Content starts

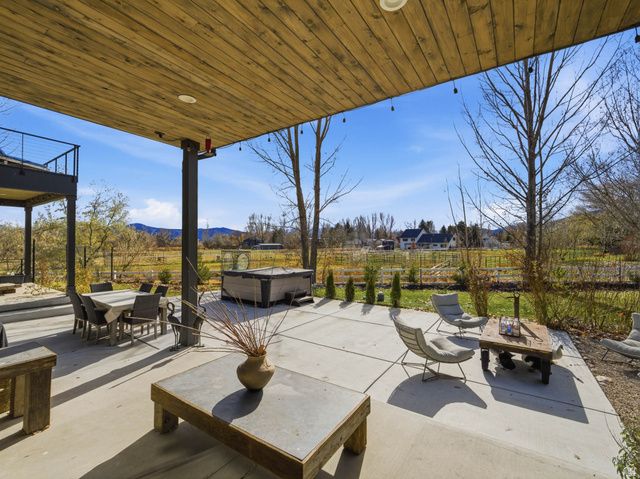 35 W BURGI LN, Midway, UT 84049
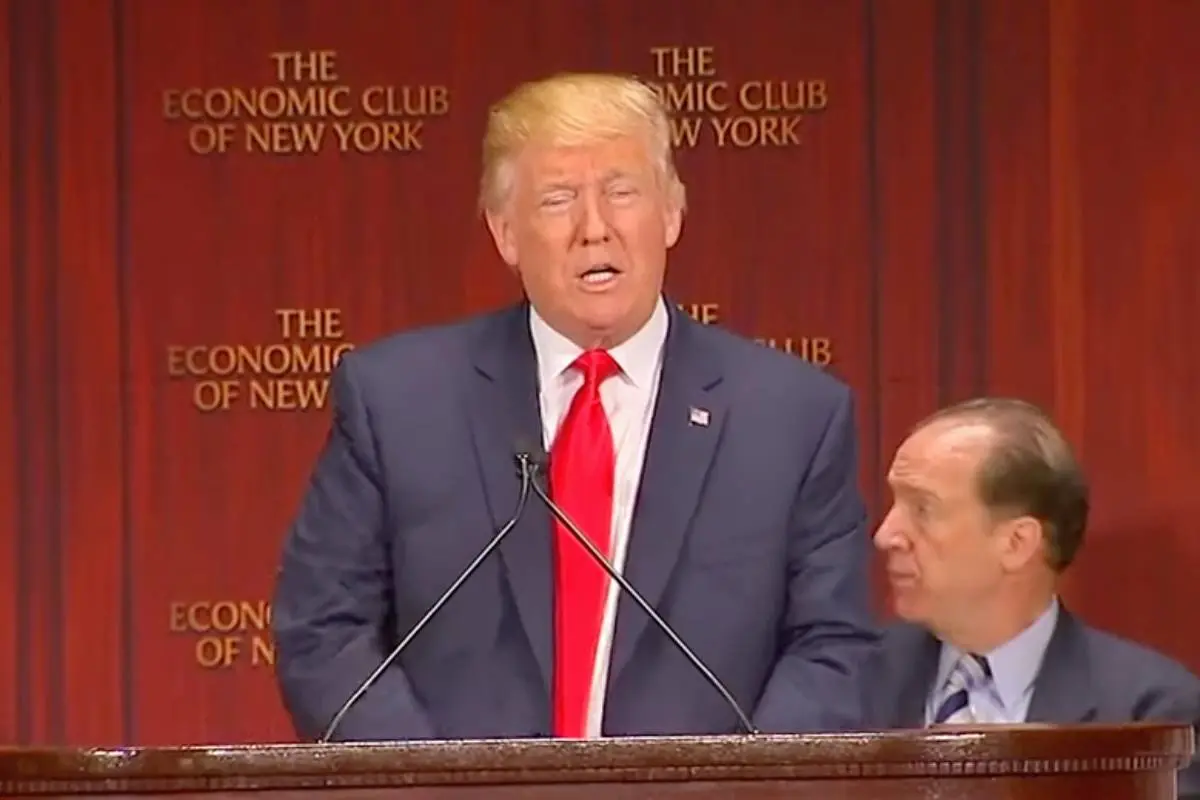 Video van Trump die achter India staat is fake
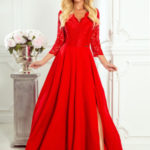 AMBER – Elegantní dlouhé dámské krajkové šaty v červené barvě s výstřihem 309-3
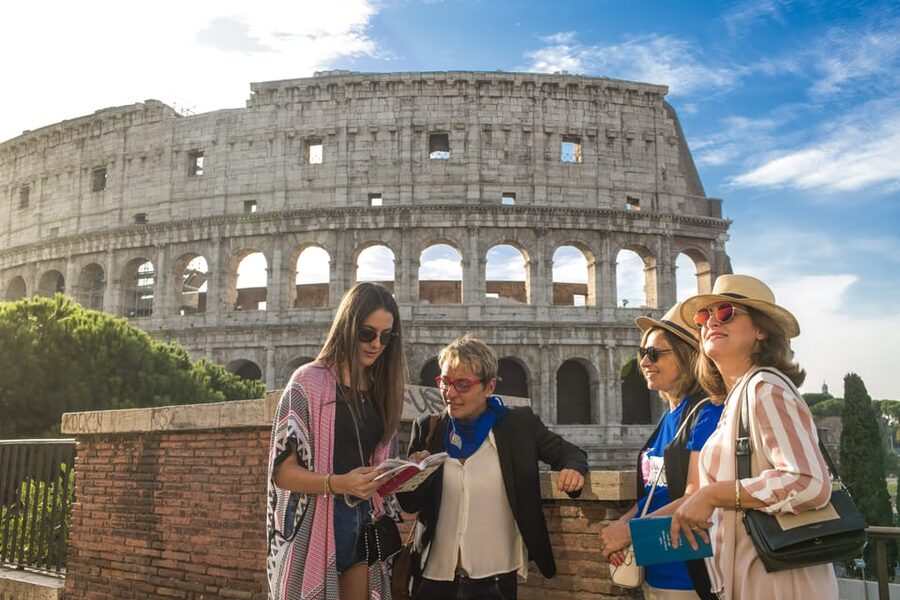 Rome: Colosseum Experience with Host and Audio Guide - Palatine Hill: the climb that turns into panoramic payoff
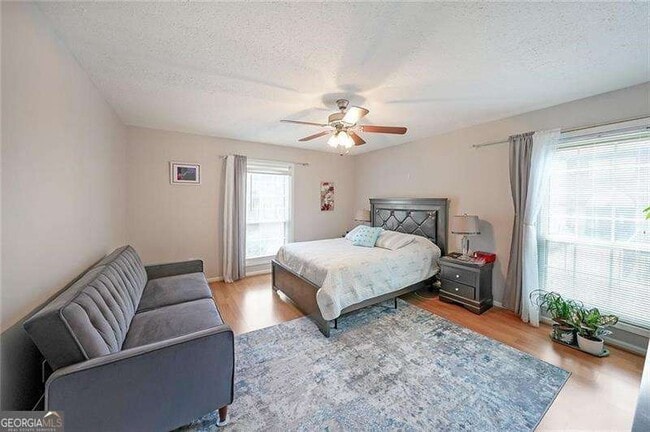 Building Photo - 6851 Roswell Rd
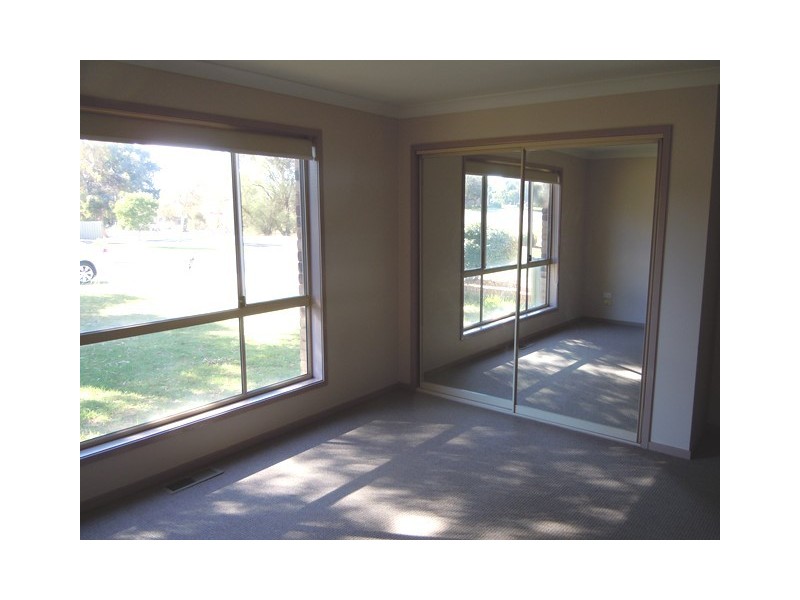 2 Kiesling Drive, Narrandera NSW 2700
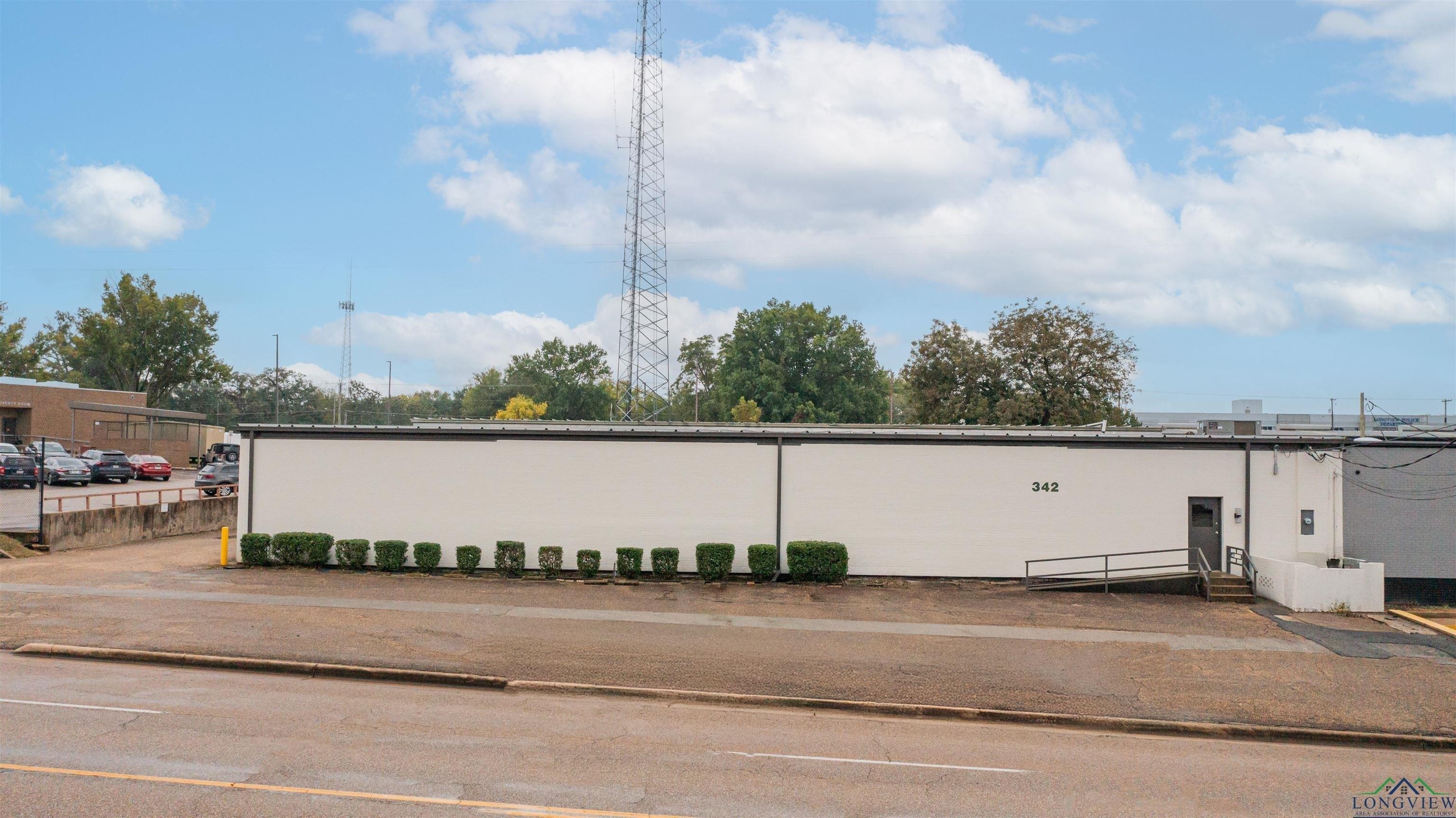 Property Image for 342 W Cotton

Content ends

_About this exercise_:
Repeat the material above exactly; any picture in it is left out.

_Exercise output_:
 35 W BURGI LN, Midway, UT 84049
 Video van Trump die achter India staat is fake
 AMBER – Elegantní dlouhé dámské krajkové šaty v červené barvě s výstřihem 309-3
 Rome: Colosseum Experience with Host and Audio Guide - Palatine Hill: the climb that turns into panoramic payoff
 Building Photo - 6851 Roswell Rd
 2 Kiesling Drive, Narrandera NSW 2700
 Property Image for 342 W Cotton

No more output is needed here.